The Founding Story

Two founders.
Two frustrations.
One company.

Aime saw effortless trust operate at scale in Asia — and realized it couldn't exist in Cameroon. Roland spent 20 years watching service reliability collapse under the weight of no accountability. Together, they decided to build what was missing.

Aime Ngongang & Roland Etundi Douala & Yaoundé Founded 2026 US Incorporated
Aime Ngongang
Co-Founder

The luggage that arrived before they did.

In 2023, Aime travelled with his INSEAD cohort to Shenzhen. Their friend Winnie — a local — picked them up from the airport and had one goal: make sure they experienced every moment of the city. So she arranged for a car to take their luggage directly to the hotel, leaving the group free to spend the whole day exploring without bags weighing them down.

Nobody from the group rode with the luggage. Nobody tracked it. Winnie made the arrangement, and everyone simply went about their day.

"When we got to the hotel that evening, our luggage was already there. Intact. Untouched."

Aime felt something precise watching this unfold: not surprise, but recognition of absence. He knew that offering the same experience to friends in Cameroon would be unthinkable — not because Cameroonian people are less trustworthy, but because there is no system that makes trusting a stranger the rational, low-anxiety default.

That was the moment the question formed — a question he couldn't let go of.

What happened, step by step
🛬
The arrival Winnie picks them up at the airport. Her priority: they enjoy Shenzhen fully, without carrying bags all day.
🧳
The arrangement She books a car for the luggage. No one from the group rides along. No supervision. No anxiety.
🏨
The evening They arrive at the hotel after a full day in the city. The luggage is already there.
The realization This was not a story about one trustworthy person. It was a story about a system that made dishonesty structurally irrational.
R
Roland Etundi
Co-Founder

The taxi that wasn't what was ordered.

Roland spent over two decades building and running events — concerts, corporate productions, large-scale gatherings across Cameroon. In that world, everything depends on people showing up on time, doing what they said they would do, with the equipment they promised to bring.

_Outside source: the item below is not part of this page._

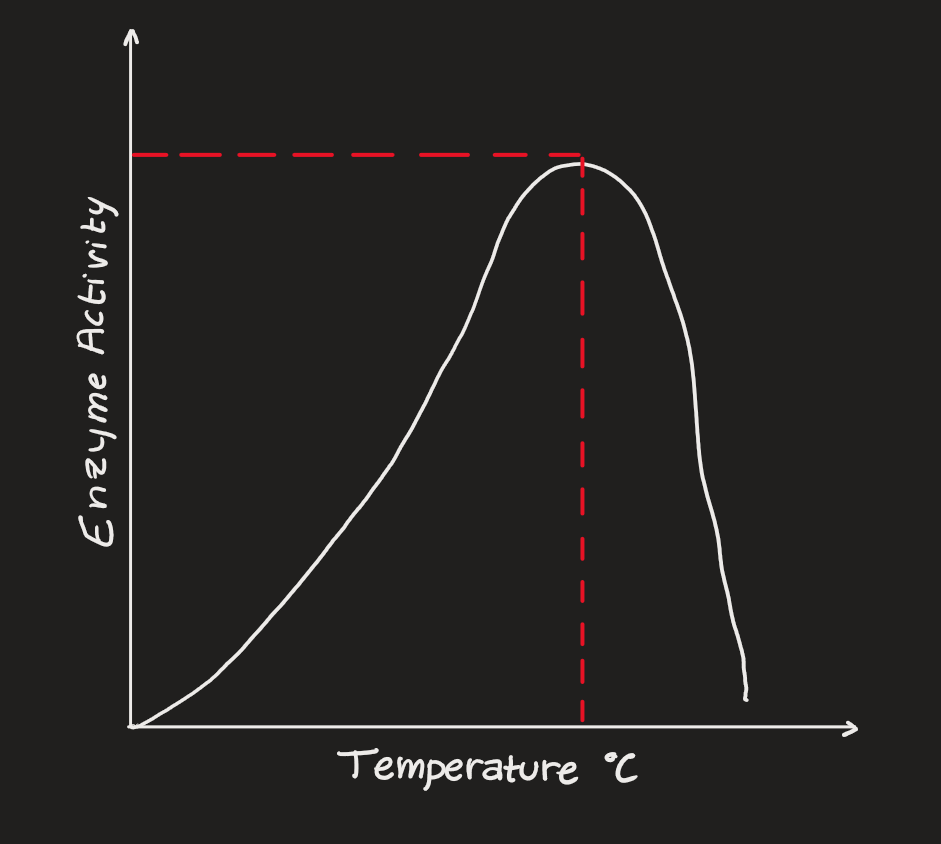 Enzyme Activity v. Temperature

He watched this fail, repeatedly. Not because of bad intentions, but because there was no system to make consistency the default. Gig workers would agree to terms and not show. Vendors would substitute materials and deny it. Clients would dispute deliverables with no written scope to reference. Entire concert productions would teeter or collapse because the accountability infrastructure simply didn't exist.

"I've seen events worth millions of CFA fall apart not from bad people — but from a system with no teeth."

Roland experienced the same frustration in his personal life. When he's in Europe, he books a taxi and a specific category arrives — clean, on time, matching the description. When he's back in Cameroon and does the same thing, the experience is completely different. The car doesn't match. The condition doesn't match. The professionalism doesn't match.

It is the same human being making the booking. The difference is entirely in the system on the other end.

The gap Roland sees every day
🌍
In Europe Book a category. That category arrives. Clean vehicle. Professional driver. No negotiation, no surprise.
🚕
In Cameroon Book the same category. Different vehicle arrives. Different condition. Different professionalism.
🎪
In event production Agreed terms exist only in conversation. Substitutions happen. No-shows happen. No consequence follows.
Roland's diagnosis The gap is never talent. It is always the absence of a system that makes delivering on your word the rational choice.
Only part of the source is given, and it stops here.